Greg Rickford, Canadian Minister of Natural Resources

Canada and Malaysia share more than half a century of friendship. It is a friendship that started in 1957 – the year Malaysia became independent and the year Canada became one of the first countries in the world to recognise Malaysian independence. In that same year, John Diefenbaker was the first Canadian Prime Minister to visit Malaysia. That spirit of friendship laid out by Diefenbaker continues to this day, with Governor General David Johnston’s trip in 2011 and Prime Minister Harper’s visit to Malaysia in 2013.

It is obvious why this relationship is so important for Canada. Canada-Malaysia trade today totals about $3bn annually. Malaysian companies are major investors in Canadian oil, gas and agriculture, while Canadian companies employ thousands of Malaysians. Last year, Malaysian Prime Minister Najib Razak affirmed that Malaysia’s state-owned oil and gas company, Petronas, would invest up to $36bn in Canadian natural gas, creating jobs, growth and prosperity in both countries.

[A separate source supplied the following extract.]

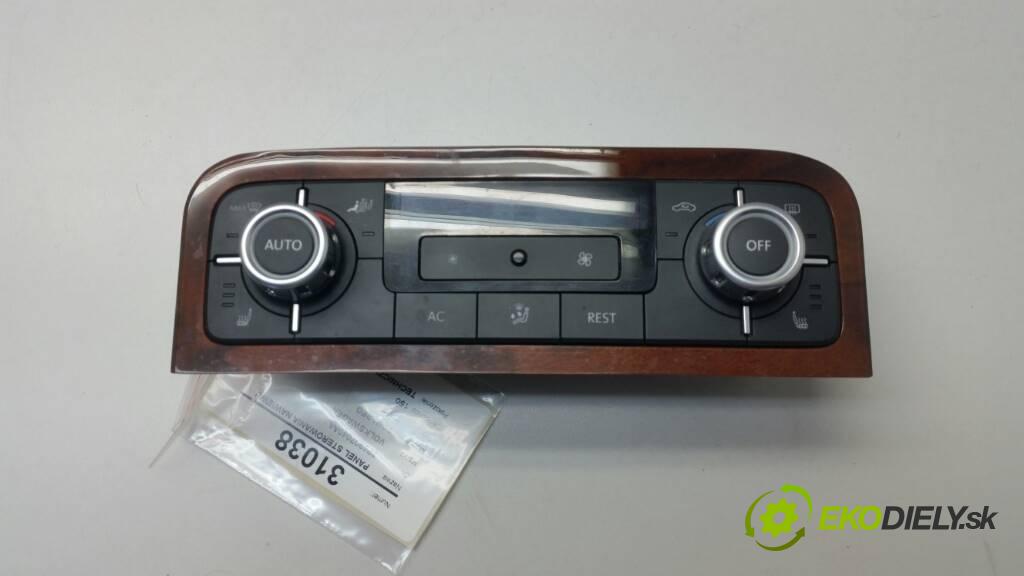 VOLKSWAGEN TOUAREG 7P  II 2010 240 kW 7P  II 3.0 V6 TDI BLUEMOTION CAS Panel ovládania kúrenia 7P6907040AA (Prepínače, spínače, tlačidlá a ovládače kúrenia)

It is no wonder Malaysian investors are keenly interested in Canada. Our country is on the cusp of becoming a 21st century energy superpower. Canada has the third-largest proven oil reserves in the world, 173bn barrels right under our feet. With advances in technology, our oil sands could yield 315bn barrels. That would give us the biggest reserves in the world – more than Saudi Arabia, Venezuela or any other supplier. We also have 37trn cubic metres of marketable natural gas, enough to meet Canadians’ needs for 400 years.

There are once-in-a-lifetime investment opportunities available in Canada. But resource wealth, by itself, is not enough to secure prosperity. We need the power of the private sector to unlock our full potential. We need the right infrastructure to carry our energy products to international markets. The government has worked hard to foster a friendly investment climate here at home. KPMG recently ranked Canada one of the most business-friendly countries in the world, second only to Hong Kong. Taxes are at their lowest level in 50 years. The Organisation for Economic Cooperation and Development and the International Monetary Fund have both confirmed that Canada will continue to be a leader in economic growth in the industrialised world.

As for infrastructure, Canada’s energy regulator has already approved Petronas’s liquefied natural gas (LNG) export licence. Another 10 long-term natural gas export licences are at various stages of review or have been approved, which together could lead to the annual export of 165m tonnes of Canadian LNG. These projects could position Canada as the leading North American platform for LNG exports. Meanwhile, four proposed pipeline projects are in development to ship Canadian crude oil to world markets and refineries.

If we can get our resources to the coast, we can supply much-needed energy to rapidly rising Asian economies. A fully laden tanker leaving our Pacific Coast can reach Asia in as little as 11 days – about a month faster than a tanker leaving from the Gulf of Mexico. That’s a huge economic opportunity for Canada, which needs the jobs created by international trade. That’s why our government is pursuing an unprecedented global trade agenda. We have signed eight free trade agreements with 38 countries, including agreements with the EU, the world’s largest economy, and South Korea, our first free trade deal in Asia. Along with Malaysia, Canada has joined the negotiations to create the Trans-Pacific Partnership (TPP). Countries under the TPP represent a combined GDP of more than $28trn – almost 40% of the entire world economy.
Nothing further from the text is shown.